Since that time, some thirty young men, all learned, devout and talented before they ever crossed my threshold, have come to the Riverdale Jewish Center to learn the craft of the community Rabbi. The RJC is a multi-generational, multi dimensional synagogue community. It has multiple minyanim, each with a unique character. It has an active youth community, young couples, titans of industry, Holocaust survivors, elders, academics and Torah scholars. It is a multiplex of stages, intimate and public, intellectual and emotional, joyous and catastrophic.
The concept of the Teaching Shul was to use these “stages” as a way to provide a full range of Rabbinic functions, with mentoring and supervision and with minimal political pressures. Beginning with the second year of the program, we included more than one intern. Currently our annual team averages 4-5.
Interns generally serve for two years, the second as “Senior Interns” with more administrative and programmatic responsibility. In addition to shadowing opportunities and many Shabbatot around my family’s table, each Intern has a weekly private meeting with me. These are used at the Intern’s discretion for Homiletic consultation, personal issues, faith-related discussions or professional guidance. It is their time.
Referred to as “The Rabbinic Team” or just “The Team,” the Interns, the Assistant Rabbi and I meet weekly together to distribute responsibilities, to evaluate programs and to chart the future. In that meeting, everyone is expected to be candid and creative; hierarchy is largely abandoned. “The Team” runs the sacred dimension of the synagogue, thus distinguishing our approach from internships that are more limited in scope. It is my hope that Rabbis trained in a team approach will be, in future, more trusting and cooperative colleagues.

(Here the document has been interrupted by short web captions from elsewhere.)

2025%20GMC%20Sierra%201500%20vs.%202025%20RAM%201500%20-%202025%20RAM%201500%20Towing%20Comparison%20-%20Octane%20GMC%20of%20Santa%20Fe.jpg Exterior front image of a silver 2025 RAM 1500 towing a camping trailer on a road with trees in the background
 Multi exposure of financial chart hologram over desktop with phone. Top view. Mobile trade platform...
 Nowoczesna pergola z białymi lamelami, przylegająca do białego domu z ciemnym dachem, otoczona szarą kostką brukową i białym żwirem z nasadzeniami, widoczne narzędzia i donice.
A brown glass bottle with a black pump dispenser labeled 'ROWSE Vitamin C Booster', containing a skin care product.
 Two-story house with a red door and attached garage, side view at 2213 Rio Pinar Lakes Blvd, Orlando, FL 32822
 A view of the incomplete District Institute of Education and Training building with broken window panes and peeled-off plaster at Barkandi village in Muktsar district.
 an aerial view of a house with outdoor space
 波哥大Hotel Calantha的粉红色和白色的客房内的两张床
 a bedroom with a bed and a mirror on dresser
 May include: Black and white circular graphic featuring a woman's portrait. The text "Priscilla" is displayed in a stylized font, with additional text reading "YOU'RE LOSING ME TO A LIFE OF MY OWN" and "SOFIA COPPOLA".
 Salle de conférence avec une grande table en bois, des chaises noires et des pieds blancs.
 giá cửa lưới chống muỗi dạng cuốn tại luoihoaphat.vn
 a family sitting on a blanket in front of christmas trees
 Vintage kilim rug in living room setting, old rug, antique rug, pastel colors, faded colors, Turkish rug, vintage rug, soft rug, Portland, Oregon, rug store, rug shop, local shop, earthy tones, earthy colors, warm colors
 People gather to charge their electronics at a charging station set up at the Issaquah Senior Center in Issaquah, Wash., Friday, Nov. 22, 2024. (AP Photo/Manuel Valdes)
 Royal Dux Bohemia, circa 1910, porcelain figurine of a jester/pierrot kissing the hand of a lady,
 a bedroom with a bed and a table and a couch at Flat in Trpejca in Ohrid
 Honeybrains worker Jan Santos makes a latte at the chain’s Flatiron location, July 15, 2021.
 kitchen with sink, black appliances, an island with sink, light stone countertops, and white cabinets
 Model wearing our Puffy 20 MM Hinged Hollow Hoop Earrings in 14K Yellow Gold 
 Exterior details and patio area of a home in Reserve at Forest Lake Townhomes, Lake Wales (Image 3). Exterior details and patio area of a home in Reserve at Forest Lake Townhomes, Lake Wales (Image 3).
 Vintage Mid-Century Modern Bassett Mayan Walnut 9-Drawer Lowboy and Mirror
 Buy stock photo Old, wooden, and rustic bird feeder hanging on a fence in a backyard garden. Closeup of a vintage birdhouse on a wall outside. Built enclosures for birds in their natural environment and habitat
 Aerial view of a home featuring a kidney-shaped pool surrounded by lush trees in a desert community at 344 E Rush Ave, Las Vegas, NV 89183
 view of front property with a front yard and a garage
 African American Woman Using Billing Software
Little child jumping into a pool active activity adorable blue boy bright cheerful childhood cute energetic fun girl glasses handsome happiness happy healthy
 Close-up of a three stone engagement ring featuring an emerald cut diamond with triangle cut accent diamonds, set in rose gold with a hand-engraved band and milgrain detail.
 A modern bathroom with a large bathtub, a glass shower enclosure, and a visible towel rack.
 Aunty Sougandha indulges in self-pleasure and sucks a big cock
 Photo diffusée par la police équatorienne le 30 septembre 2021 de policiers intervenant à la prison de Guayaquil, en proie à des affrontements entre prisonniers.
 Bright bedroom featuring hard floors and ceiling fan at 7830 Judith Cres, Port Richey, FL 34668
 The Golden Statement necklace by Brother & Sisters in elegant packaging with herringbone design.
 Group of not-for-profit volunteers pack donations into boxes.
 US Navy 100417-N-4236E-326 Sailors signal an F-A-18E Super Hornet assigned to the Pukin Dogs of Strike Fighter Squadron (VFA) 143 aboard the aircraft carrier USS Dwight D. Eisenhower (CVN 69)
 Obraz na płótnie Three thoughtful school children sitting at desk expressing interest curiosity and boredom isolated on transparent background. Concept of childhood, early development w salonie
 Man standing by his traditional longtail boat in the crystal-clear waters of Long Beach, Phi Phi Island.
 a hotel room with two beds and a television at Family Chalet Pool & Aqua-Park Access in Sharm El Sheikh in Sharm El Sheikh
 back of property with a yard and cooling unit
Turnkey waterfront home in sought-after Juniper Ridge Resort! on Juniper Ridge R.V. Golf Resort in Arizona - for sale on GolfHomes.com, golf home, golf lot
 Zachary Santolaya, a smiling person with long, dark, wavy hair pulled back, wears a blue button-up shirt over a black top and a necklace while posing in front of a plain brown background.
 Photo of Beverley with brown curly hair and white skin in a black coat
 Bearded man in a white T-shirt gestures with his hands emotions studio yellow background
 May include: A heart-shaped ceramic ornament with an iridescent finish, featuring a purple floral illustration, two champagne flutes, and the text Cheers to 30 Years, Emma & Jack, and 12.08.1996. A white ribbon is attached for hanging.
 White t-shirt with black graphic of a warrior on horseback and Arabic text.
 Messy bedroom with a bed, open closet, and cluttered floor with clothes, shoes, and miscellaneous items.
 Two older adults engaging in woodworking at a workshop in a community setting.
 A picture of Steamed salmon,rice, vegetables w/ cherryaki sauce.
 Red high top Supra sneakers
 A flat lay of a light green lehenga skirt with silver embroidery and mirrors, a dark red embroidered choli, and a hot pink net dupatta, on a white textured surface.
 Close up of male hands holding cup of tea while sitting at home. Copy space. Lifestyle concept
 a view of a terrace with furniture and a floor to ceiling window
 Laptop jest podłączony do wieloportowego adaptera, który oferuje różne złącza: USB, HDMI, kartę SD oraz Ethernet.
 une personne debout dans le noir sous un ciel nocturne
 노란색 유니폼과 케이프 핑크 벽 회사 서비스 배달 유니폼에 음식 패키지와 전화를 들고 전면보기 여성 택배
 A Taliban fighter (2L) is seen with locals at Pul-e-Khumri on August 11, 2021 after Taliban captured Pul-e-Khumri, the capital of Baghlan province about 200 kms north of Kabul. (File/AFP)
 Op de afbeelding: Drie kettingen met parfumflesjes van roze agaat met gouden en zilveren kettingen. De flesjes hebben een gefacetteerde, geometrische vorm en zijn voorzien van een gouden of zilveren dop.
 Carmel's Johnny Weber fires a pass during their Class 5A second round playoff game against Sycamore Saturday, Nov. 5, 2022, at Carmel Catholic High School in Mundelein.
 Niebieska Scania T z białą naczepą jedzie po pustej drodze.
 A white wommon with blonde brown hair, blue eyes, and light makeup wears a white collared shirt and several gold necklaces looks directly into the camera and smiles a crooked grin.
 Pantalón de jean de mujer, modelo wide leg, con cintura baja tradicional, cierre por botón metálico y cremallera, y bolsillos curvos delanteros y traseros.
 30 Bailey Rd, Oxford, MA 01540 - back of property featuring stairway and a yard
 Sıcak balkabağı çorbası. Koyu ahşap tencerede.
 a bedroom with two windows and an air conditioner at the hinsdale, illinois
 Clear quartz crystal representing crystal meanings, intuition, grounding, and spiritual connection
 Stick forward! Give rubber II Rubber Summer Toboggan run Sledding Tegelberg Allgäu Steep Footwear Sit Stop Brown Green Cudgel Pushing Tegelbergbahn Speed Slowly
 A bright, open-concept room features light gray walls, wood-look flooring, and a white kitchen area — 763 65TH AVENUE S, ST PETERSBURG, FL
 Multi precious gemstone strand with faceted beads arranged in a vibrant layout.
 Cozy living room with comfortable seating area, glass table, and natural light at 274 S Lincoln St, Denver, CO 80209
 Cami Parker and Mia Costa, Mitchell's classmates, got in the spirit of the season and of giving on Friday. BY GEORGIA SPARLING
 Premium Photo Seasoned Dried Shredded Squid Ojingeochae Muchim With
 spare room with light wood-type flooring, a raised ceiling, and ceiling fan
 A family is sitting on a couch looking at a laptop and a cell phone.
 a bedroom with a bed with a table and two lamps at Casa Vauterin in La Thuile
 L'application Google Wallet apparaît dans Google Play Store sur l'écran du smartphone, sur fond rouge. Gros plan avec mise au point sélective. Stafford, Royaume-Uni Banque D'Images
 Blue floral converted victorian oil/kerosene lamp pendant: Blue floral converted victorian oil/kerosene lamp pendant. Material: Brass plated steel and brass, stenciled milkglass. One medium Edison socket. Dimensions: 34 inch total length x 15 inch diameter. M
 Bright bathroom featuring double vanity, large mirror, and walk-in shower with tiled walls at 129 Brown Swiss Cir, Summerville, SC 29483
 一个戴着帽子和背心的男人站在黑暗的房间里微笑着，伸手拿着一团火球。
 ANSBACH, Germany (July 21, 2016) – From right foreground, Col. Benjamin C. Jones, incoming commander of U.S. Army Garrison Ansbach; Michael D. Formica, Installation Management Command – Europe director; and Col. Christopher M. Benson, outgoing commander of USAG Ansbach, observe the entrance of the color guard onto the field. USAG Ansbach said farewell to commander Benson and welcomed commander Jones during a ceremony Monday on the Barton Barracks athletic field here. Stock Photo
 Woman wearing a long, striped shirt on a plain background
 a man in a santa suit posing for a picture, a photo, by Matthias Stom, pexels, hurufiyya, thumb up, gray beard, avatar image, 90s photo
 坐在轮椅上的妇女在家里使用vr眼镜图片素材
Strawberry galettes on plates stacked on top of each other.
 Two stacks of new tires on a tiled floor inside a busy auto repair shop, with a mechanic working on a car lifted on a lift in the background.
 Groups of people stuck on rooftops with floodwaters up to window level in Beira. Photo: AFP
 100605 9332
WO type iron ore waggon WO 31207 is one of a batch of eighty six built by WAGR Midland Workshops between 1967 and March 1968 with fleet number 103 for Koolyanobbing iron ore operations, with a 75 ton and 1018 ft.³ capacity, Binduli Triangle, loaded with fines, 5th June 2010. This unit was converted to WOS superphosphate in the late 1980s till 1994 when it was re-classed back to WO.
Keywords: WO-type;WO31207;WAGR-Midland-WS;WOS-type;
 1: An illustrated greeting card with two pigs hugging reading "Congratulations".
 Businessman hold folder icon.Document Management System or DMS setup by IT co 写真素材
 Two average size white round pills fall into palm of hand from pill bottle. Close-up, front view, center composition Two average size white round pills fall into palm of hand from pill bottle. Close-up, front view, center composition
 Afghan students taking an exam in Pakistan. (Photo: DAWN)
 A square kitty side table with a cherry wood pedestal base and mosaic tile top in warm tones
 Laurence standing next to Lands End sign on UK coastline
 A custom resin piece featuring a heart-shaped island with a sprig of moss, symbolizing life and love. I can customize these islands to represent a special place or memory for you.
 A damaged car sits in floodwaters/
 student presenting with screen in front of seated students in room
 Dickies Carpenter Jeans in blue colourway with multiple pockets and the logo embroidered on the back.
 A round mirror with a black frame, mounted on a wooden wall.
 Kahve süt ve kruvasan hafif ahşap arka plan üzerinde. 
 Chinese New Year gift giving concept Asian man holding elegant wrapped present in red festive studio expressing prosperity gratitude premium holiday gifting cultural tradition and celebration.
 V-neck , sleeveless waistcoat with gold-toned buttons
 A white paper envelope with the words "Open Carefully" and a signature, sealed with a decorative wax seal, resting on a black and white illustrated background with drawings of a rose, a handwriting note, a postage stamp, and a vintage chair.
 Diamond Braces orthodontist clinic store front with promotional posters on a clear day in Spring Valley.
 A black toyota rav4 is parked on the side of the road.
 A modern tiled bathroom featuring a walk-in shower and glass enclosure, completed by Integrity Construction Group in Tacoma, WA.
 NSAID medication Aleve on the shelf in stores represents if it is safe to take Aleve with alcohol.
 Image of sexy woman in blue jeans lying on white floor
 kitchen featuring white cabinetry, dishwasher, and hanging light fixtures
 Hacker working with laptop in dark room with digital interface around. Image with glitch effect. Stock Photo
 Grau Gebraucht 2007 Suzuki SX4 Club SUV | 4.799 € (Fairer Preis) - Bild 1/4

What has occurred in the course of the decade of the Intern Initiative is a shift in our congregational structure. The members and leadership of the RJC have come to see the training of young Rabbis as part of the synagogue’s core mission. Each Fall, the arrival of the new Interns is a major event; their company at Shabbat tables is often a hot ticket. Within a month the pundits, armchair mentors are predicting which ones are headed for greatness and which ones need work. And when former interns return for visits, they are embraced and welcomed with great pride.
Perhaps the greatest testament to the Intern Initiative is that the past three assistant Rabbis have been chosen from among our Senior Intern and that now, in the job description of each Assistant Rabbi appears the obligation “to assist in the coordination of Rabbinic Interns.” Once I saw that a large mainstream congregation could be used as a training platform; now the members and leaders of the community define their synagogue as a Teaching Shul.
3. What are you most looking forward to at YouthCon?
I am looking forward to learning. The conference has gathered some of the most creative and accomplished people dedicating themselves to the transmission of the Massorah. And I am looking forward to meeting the young people who are just beginning their adventure in Jewish education. I know that some of the stars of tomorrow will be in that hotel, and I am impatient. I can't wait for tomorrow ; I want to meet them now!
------------------------------
Rabbi Jonathan I. Rosenblatt, a native of Baltimore, has served for more than a quarter century as the Senior Rabbi of the Riverdale Jewish Center, Bronx NY. Under his leadership the RJC has become the largest 'teaching synagogue' in the country, through its Rabbinic and Pre-rabbinic internship programs. Rabbi Rosenblatt holds a BA and an MA of the Johns Hopkins University and a Phd of Columbia University. He studied in Yeshivat Har Etzion and was ordained by RIETS. He and his wife Tzipporah, an attorney, have 4 children.